Both are hitting in the early going. LaPorta is at .260/.367/.460, while Gordon has delivered a .353/.380/.515 line. "It’s just April" is an easy enough refrain to sap anybody’s enthusiasm -- Gordon isn’t going to finish the year hitting .353, after all, and when that drops it’ll drag his OBP and SLG with it unless he starts bopping and walking. The hope for both is that this isn’t fluky -- say, something akin to Jeff Francoeur’s eight walks in his first 12 games last year; Frenchy’s hacktastic approach is a career-defining handicap, so nobody was surprised when he managed just 22 more the remainder of the season.

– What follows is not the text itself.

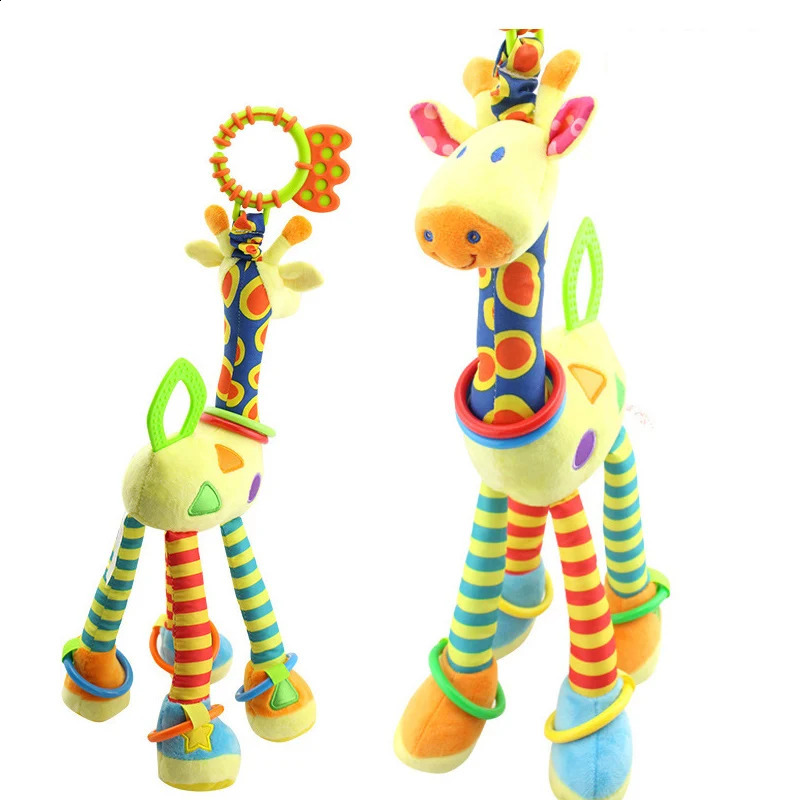 Soft Giraffe Animal Handbells Rattles Plush Infant Toddler Car Bed Hanging Toy Baby Early Education Development Handle Toys 250117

For every Jose Bautista, it might seem as if there are dozens of Francoeurs.

The difference between that small-sample caution and this pair of former top prospects is that, not so very long ago, Gordon and LaPorta were both projected to do better than they have. Not by some, but by all: by projection tools, scouts and statheads. Both have had their problems getting on track in ways that weren’t entirely under their control; beyond injuries, Gordon’s punitive assignment to Omaha last year was earned, but might have been allowed to run overlong. When you underwhelm expectations, that sort of thing is an understandable professional hazard.

So both Gordon and LaPorta are on the spot to deliver. Via PECOTA’s spread of projections, both have about 30 percent shots at finishing with seasons around an .800 OPS, which sounds conservative, but that’s what past failure does for you: It puts a big dent in your projected future. If the Indians and the Royals get these projected numberss from their former prospects, though, they’ll be able to take some satisfaction from their seasons, even if they don’t wind up atop the standings.